• (bkz: vücut)
  • arapça vecede kelimesinden türemiş, sözlük anlamı elde etmek, varlık sahibi olmak, yokken varolmak, bulmak, hissetmek, aşık olmak, arzulamak olarak geçmektedir.

    vücud kelimesi günümüz türkçesinde varlık anlamını almıştır. varlık, eski dildeki var kökünden türetilmiştir. ondördüncü yüzyıla kadar var kelimesi de varlık anlamında kullanılmıştır.

    (bkz: to on)
    (bkz: hesti)
    (bkz: sein)
    (bkz: being)
    (bkz: esse)
    (bkz: şey)
  • insan vücudu en yüksek değerdeki düşüncenin tezahürüdür. hakeza tüm mevcudat.
    bu vücut vasıtası ile düşünceyi hissetmek, tadmak, dokunmak; ona değmek, değişmek dokunup geriye çekilmek için vardır.

    allah insanı halifeliğine değer kılmıştır. ama insan bu düşünceye değememektedir.

    ne büyük bir sancı!
  • varlık.

    hakk'ın vücudundan başka bir vücud olmadığı için ruh, maddeye temas etmekle yabancılık çekmez.

    ölümdeki acı ruhun maddi formuna çok alışmasıyla ilgilidir.

    bardağın ruhu (manası) içine bir şeyler alması ise bir bardak kırıldığında manası onu terk etmekle acı duyar ama ikisi de yok olmaz. hakk'ın vücudunda devam ederler.
  • erkekler bilinçsizliğin, yokluğun vücut bulmuş halidir. kadınlar da bilincin varlığın vücudu.

    kilo üzerinden farmakodinami özeti:
    * vücuda alınca daha aldıranlar,
    * alınca verdirenler,
    * alınca sadece kendini ekleyenler,
    * alınca vücudu bozanlar.
    öte yandan bütün bunlar vücudun eylemsizlik kuvvetini yenmek zorundadırlar.

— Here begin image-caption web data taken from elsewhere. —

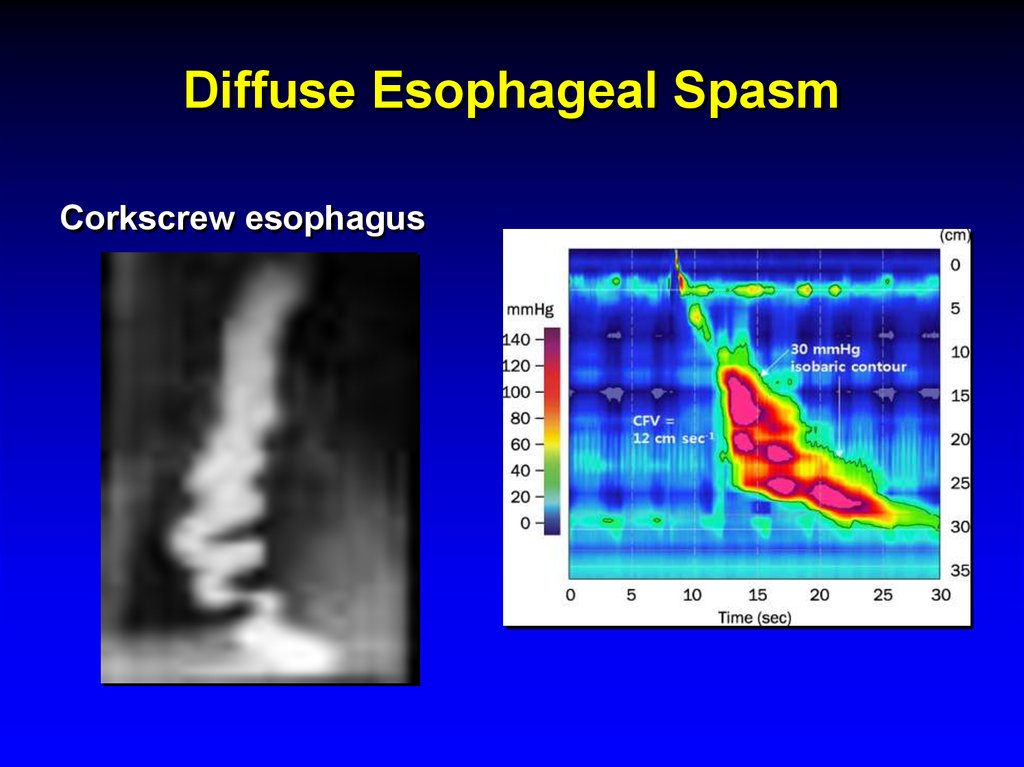 Diffuse Esophageal Spasm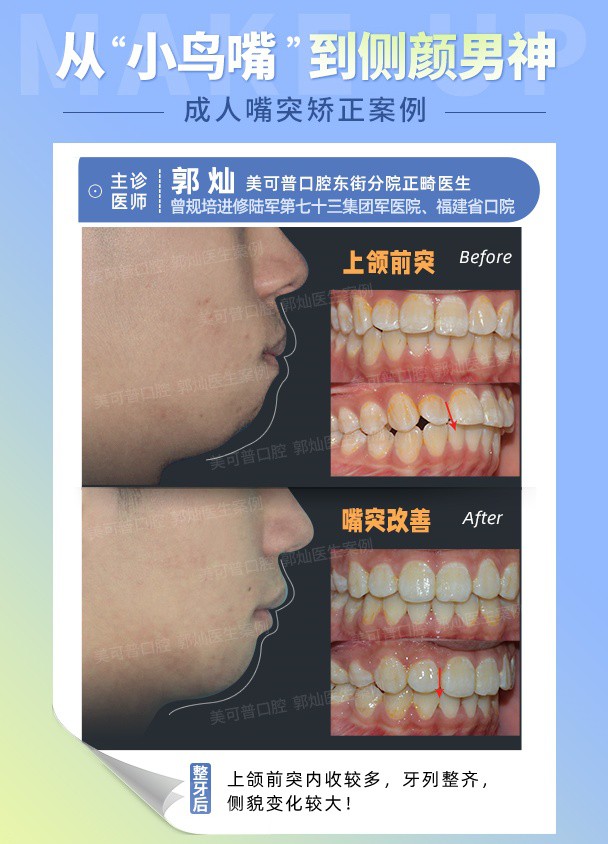 成人嘴突.jpg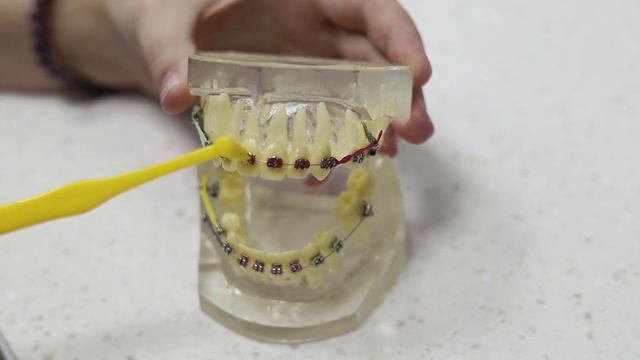 Как правильно ухаживать за зубами с брекет-системой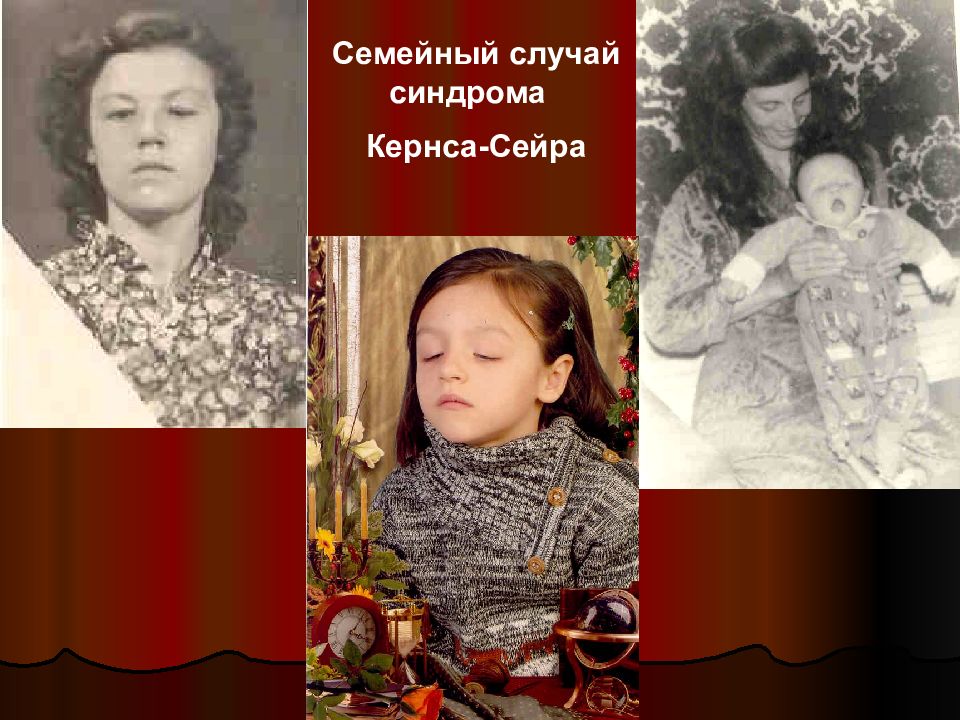 Случай семьи. Синдром Кирнса–Сейра фото. Генетические заболевания с синдромом аутизм.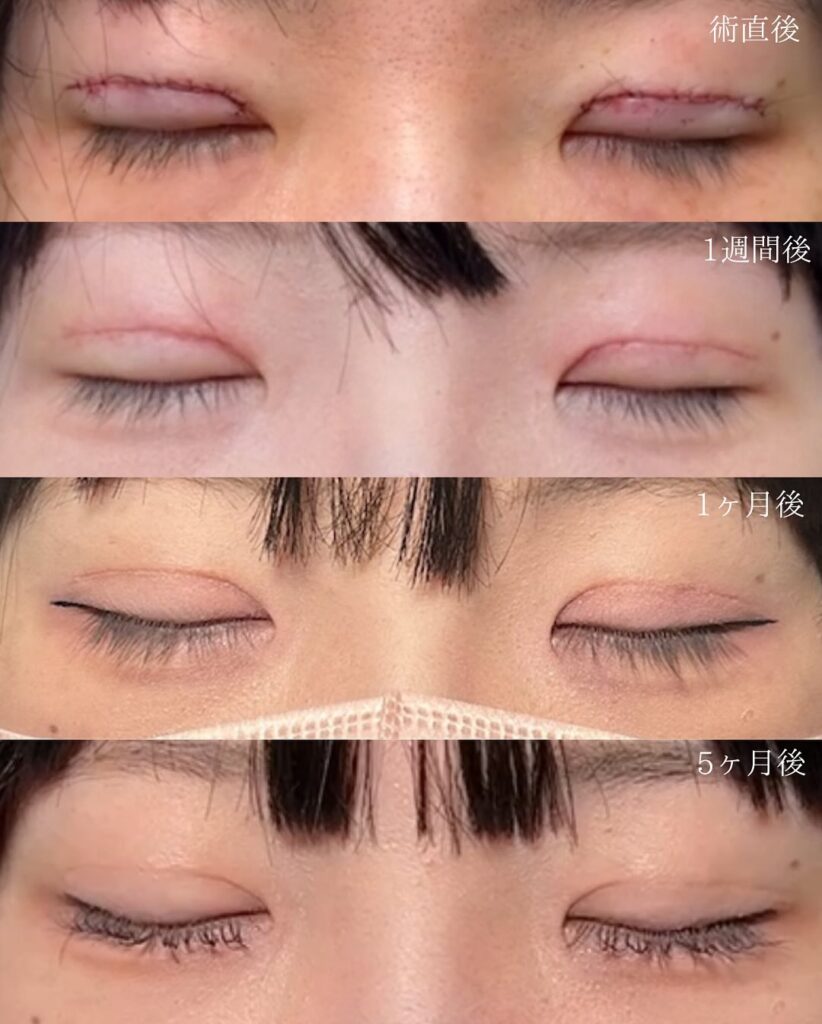 全切開の症例写真 (2)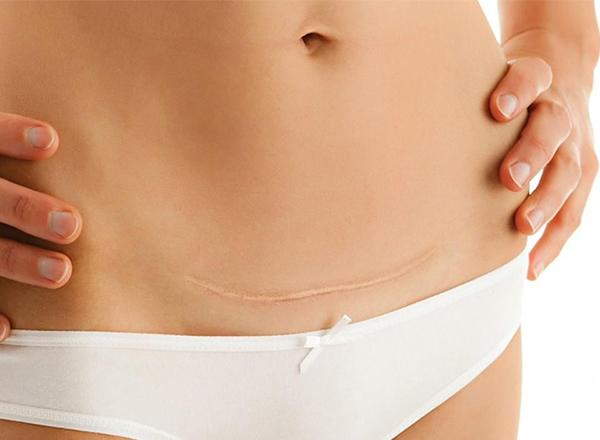 Nằm trong 2 trường hợp nguy hiểm này, mẹ bầu cần khẩn cấp bỏ thai - 2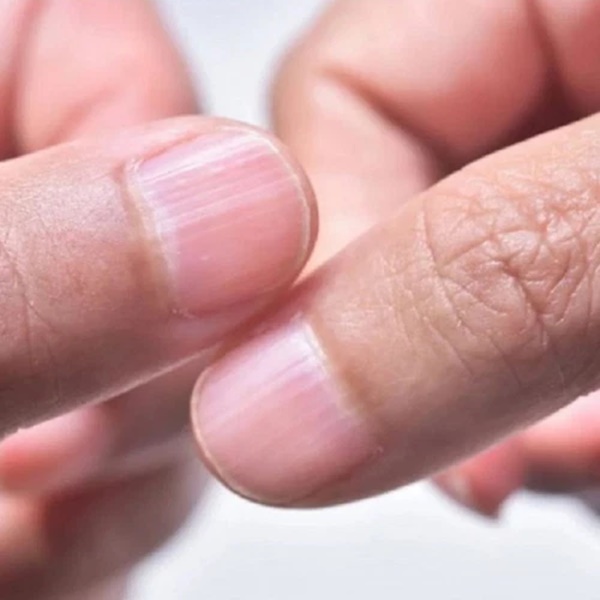 Những người sống thọ trăm tuổi thường có 5 đặc điểm cực kỳ dễ nhận biết trên cơ thể, nếu có đủ tất cả thì bạn rất nên ăn mừng-1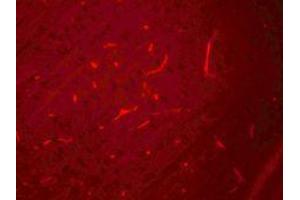 Immunofluorescence of SIK3 in rat brain cells with SIK3 antibody at 20 ug/mL. (SIK3 抗体  (C-Term))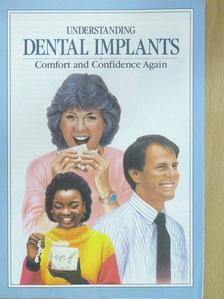 Understanding Dental Implants [antikvár]
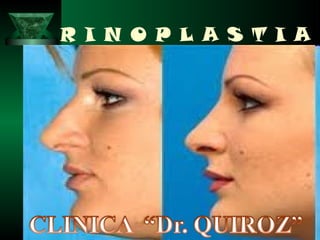 R I N O P L A S T I A
 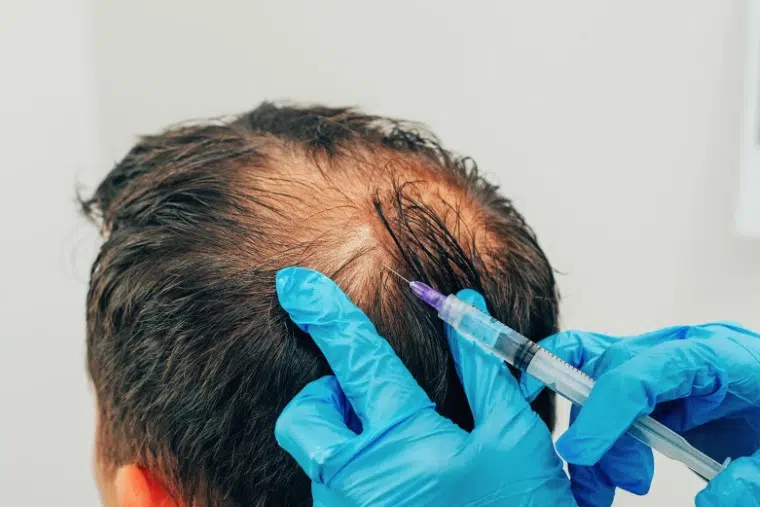 Does PRP Hair Treatment Work for Baldness?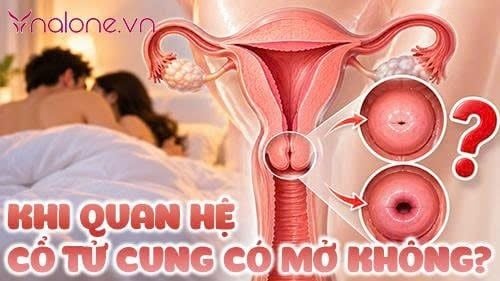 Khi quan hệ cổ tử cung có mở không? Giải đáp từ chuyên gia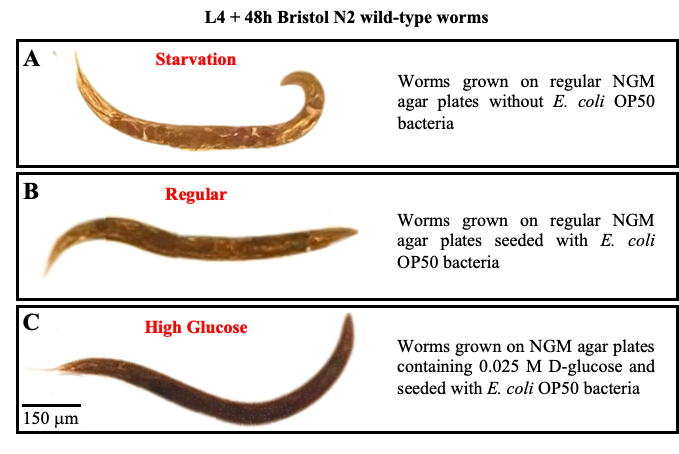Bristol N2 worms; starvation, regular, high glucose conditions; microscopy, growth comparison.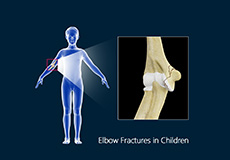 Forearms Fracture in Children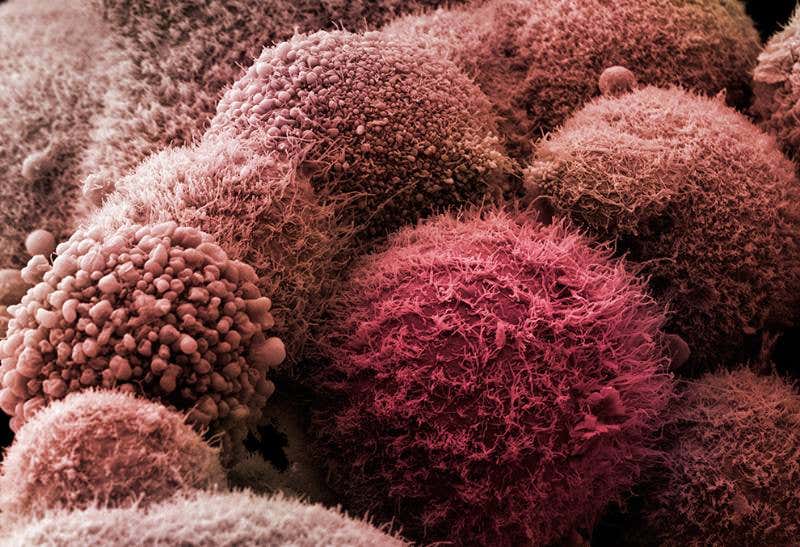 New Scientist. Science news and long reads from expert journalists, covering developments in science, technology, health and the environment on the website and the magazine.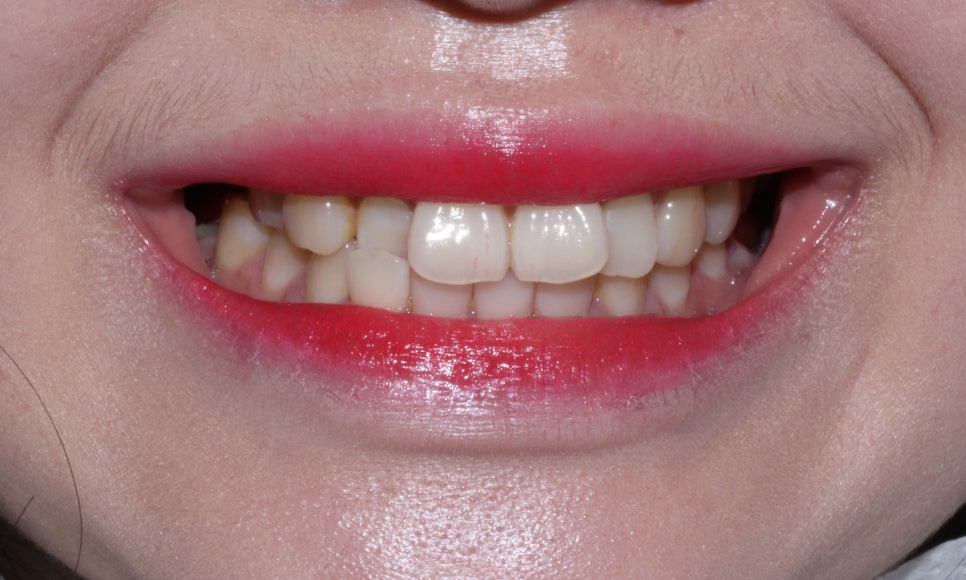 덧니 투명교정 8개월 치료 사례 관련 이미지 3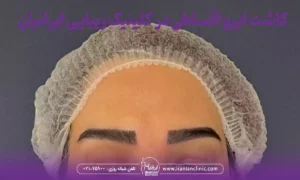 کاشت ابرو اقساطی و کاشت قسطی ابرو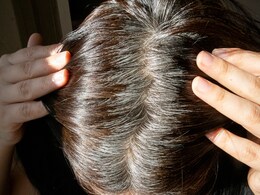 क्या सफेद बालों को हल्दी से किया जा सकता है काला? जानिए इसका White Hair पर कैसे करते हैं इस्तेमाल  क्या सफेद बालों को हल्दी से किया जा सकता है काला? जानिए इसका White Hair पर कैसे करते हैं इस्तेमाल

    [otele gelmeden önce çok cazip, heyecan verici aynı zamanda da tiksindiriciydi, otelin içinde de farklı değildi. sabaha doğru karlsbrücke üzerinden eve yürürken hava hala sıcak ve güzeldi, mutluydum çünkü sürekli keder içinde olan vücudum en sonunda biraz huzur bulmuştu*, ayrıca bütün bu olan biten göründüğü kadar tiksindirici de değildi. sanırım iki gece sonra kızla tekrar buluştum, ilk seferki gibi her şey aynen tekrarlandı, ama hemen akabinde yaz tatili için ayrılmak durumunda kaldım. kasabada bir kızla arkadaşlık edip zaman geçirince prag'daki tezgahtar kızın yüzüne bir daha bakamadım, onunla bir daha hiç konuşmadım, benim can düşmanım olmuştu (sadece benim açımdan), aslında sevecen ve iyi huylu bir kızdı. neler olduğunu anlamayarak gözleriyle beni takip ediyordu. kızın otelde belli belirsiz çirkin bir hareket yapmasına (sözünü etmeye değecek bir şey değil) rağmen düşmanlığımın tek nedeninin bu olduğunu söylemek istemiyorum (aslında tek nedenin bu olmadığına eminim) ama bunlar hafızama kazındı. o an bunların hiç aklımdan çıkmayacağının farkındaydım ve aynı zamanda kalbimin derinliklerinde bu çirkinlik ve müstehcenliğin dünyanın vazgeçilmez bir parçası olduğunu, (kızın belli belirsiz bir hareketine ve önemsiz bir sözüyle) beni bu kadar büyük bir güçle otele sürükleyen şeyin tamamıyla bu çirkinlik ve müstehcenlik olduğunu anladım ya da anladığımı sandım, aksi takdirde kalan tüm gücümle buna karşı koyardım.] franz kafka - briefe an milena

    "insan vücudu aynı zamanda dünyanın vücududur. dünyanın vücudu da benim vücudum. yani, bu da demek oluyor ki, bir taneden iki tane çıkıyor." ursula k. le guin - the telling

    (bkz: vücut/@ibisile), yekvücut, tekvücut
    (bkz: beden/@ibisile), gövde
  • vücûd: allah ın zâti sıfatlarından. (bkz: sifat i zatiyye)
    allah 'ın varlığının vacib (şart) olması anlamındadır. (bkz: vacibul vucud)
  • "muhakkiklere göre vücûd parçalanamaz bir bütündür. o gizli hazîne açıldı ve yayıldı (bast). tohum ağaç, ağaç ise meyve oldu. olan hep o’ydu ama mertebede farklı mazharlara büründü. hâsılı, olan ne varsa tek ve değişmez özün değişik tezâhürlerinden ibâretti."